Ink Review: Diamine Blaze Orange

Diamine Blaze Orange

Blaze orange is well known to Americans as the color of construction barrels, traffic cones, and hunting caps. It’s a color designed to provide significant contrast to the environment – critical when dodging traffic during rush hour on a busy highway or when creeping through the woods with dozens of other hunters, all of whom have high-powered rifles in hand. In those contexts, the color is aggressively monotone, obnoxious, and prosaic, but when embodied in ink form by Diamine, it becomes delightfully dynamic, engaging, and lyrical.

Its most laudable characteristic is its extremely high degree of shading, which is evident even in fine nib pens. It creates the impression of a flickering flame that dances directly off the page. My one quibble with the ink is that it is low in saturation, which, combined with the color, makes it hard to read on cream-colored paper. It looks good, though, on off-white paper and really comes to life on bright-white paper.

Blaze Orange is generally pleasant to write with. Like most Diamine ink, it is neither especially dry nor especially wet. It writes very easily on fountain pen-friendly paper like Midori, but doesn’t do much to make paper with a bit of tooth feel smooth.

In my experience, Diamine ink performs consistently across the different colors of the line: it feathers a bit on absorbent, un-sized paper, and it behaves admirably on coated, ink-resistant paper. Blaze Orange behaved as expected on the five paper types I used to test it: cheap, office copier paper; Staples Bagasse notepad; Rhodia Bloc pad; Midori MD notebook; and Canson XL Mix Media notebook.

Paper Dry Time Bleed-Through Show-Through Feathering
Copier 1 second Yes Medium Low
Bagasse 3 seconds Yes Medium Low
Rhodia 15 seconds No Low None
Midori 10 seconds No Low None
Canson 15 seconds No None None

Diamine Blaze Orange water test.

Blaze Orange exhibits very little in the way of water resistance.
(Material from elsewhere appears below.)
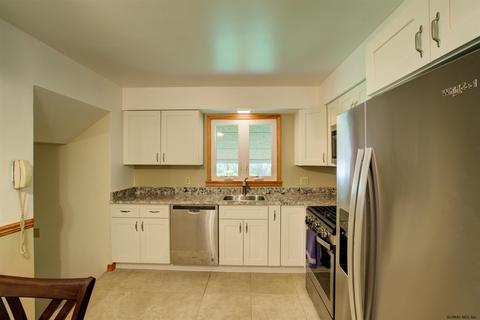 123 Sylvia La, Schenectady, NY 12306 photo 9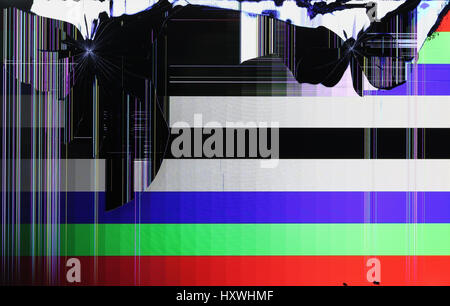 L'écran du téléviseur setis brisée par des tirs de l'arme traumatique. Les bandes de couleur et de pixels sur les lignes horizontales de couleur du signal sur le terrain d'essai Banque D'Images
When I ran a wet finger across the page for the the smear test, I left a giant orange smudge behind. In the drip test, where I let a drop of water soak on the paper before blotting it up, the ink fared no better – the affected ink lifted cleanly from the page, leaving only a soft, orange haze behind. During the soak test, in which I ran the page under a stream of water for 30 seconds, the ink almost completely washed away, fading to a ghost of its original self. This is not an ink that one should use to address an envelope or anything else that might be exposed to the elements.

Diamine Blaze Orange bottle

Diamine ink is available in 30ml plastic and an 80ml glass bottles, both of which are utilitarian and slightly boring in appearance. The 30ml plastic bottle has a neck that is very small in diameter, and I found that some of my larger pens would not fit all the way in, which made getting to the ink a bit of a challenge. Though you may wish to go with the smaller volume to try out a new color, my recommendation would be to go for the larger bottle due to its superior usability.

Blaze Orange isn’t likely to be an everyday ink for most people, but it is a pretty amazing one. I highly recommend it if you’re the kind of fountain pen user who keeps several pens inked at once, or if you just happen to be in a vibrant state of mind.

Diamine Blaze Orange is available from multiple sources, including:

Review notes: the handwritten portion of the review was created on 160 gsm, acid free, mixed media paper from the Canson XL line. The broad lines were made using a Pilot Parallel pen with a 3.8mm calligraphy nib. The fine lines were created using a Visconti Homo Sapiens fitted with an EF palladium nib.